If, however, someone made piles of money from making and selling “bootlegged” copies, I might get nasty.
This seems to indicate he would be willing to sue someone for copyright infringement if they did more than just copy his book—if they made “piles of money” from it. So here we have a capitalist okay with someone doing something that doens’t make money, but if they make money, that’s bad! In any case, this seems to be a clear threat to enforce his copyright if he feels he needs to.
The other absurd thing about it is the stupid idea that anyone could make “piles of money” from an obscure, amateur screed like this. I’ve heard this dumb retort so many times from copyright fascists. “See my post “Oh yeah? How would like it if I copy and publish your book under my name?!”: On IP Hypocrisy and Calling the Smartasses’ Bluffs”, where I wrote:
“Quite often some IP proponent will try the smartass retort, “Oh yeah? Well if you don’t believe in copyright I guess you won’t mind if I slap my name on your book and make a million bucks selling it, hunh?!” I mean, if the book would sell that well, why haven’t I made a million on it…. Why does the pirate think he can profit where I couldn’t? These retorts are never serious, and never coherent.”
In any case, let’s go on:
But I copyrighted the book primarily so that no one else could copyright it and thereby use the violence of the state to prevent me from distributing it.
This is bullshit. Such an argument might make sense for trademarks: for example, if you are using a mark locally and have not registered it in the federal system, then you have local, state-based common law trademark rights, but someone else would file a federal registration on the same mark and prevent you from expanding into other markets.

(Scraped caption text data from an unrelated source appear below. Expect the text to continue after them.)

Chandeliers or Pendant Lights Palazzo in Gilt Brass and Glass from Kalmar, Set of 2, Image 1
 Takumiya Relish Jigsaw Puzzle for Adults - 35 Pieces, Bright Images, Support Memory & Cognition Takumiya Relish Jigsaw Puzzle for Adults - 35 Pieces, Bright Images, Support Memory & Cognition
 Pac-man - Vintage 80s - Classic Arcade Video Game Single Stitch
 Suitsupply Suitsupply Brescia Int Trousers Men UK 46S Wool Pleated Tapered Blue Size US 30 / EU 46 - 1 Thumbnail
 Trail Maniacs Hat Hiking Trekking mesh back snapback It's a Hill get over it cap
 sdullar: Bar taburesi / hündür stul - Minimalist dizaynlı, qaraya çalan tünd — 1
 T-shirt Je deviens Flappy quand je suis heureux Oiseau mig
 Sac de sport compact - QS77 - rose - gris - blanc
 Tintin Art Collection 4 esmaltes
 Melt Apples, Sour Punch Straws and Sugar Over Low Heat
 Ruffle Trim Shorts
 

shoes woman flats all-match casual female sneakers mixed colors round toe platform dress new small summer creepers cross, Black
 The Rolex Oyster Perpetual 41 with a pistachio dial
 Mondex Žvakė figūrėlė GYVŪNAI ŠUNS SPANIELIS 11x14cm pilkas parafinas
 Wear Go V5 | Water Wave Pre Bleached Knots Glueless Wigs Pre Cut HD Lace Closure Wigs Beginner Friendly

So if you are using a mark it could make sense to file a trademark registration to prevent others from grabbing it and using it against you.
And there is a similar thing for patents. To get a patent you have to be the inventor. So if I fail to patent my invention, no one else can just see it and file a patent on it, as they would not be the inventor. However, independent or simultaneous invention is common, so someone else could get a patent on a similar invention (if they came up with it independently) and then they could prevent you from using the same idea even if you came up with it first (if: you were using it as a trade secret; and if you can’t avail yourself of the 2009 AIA’s “Prior Commercial User” defense). 5 But getting a patent doesn’t necessarily stop someone else from getting a patent, since they might have filed first (you don’t know because patents are secret for 18 months). What can stop someone from getting a patent on an invention is if it was publicly known before the patent is filed. So suppose I have an invention I am using (in secret, say: as a trade secret). If I merely publish the details of this invention, then this means someone else who independently invents the same thing later cannot patent it because there is prior art already. So if you don’t want to bother with patenting your invention, you just make the details public, to cock-block others from patenting it.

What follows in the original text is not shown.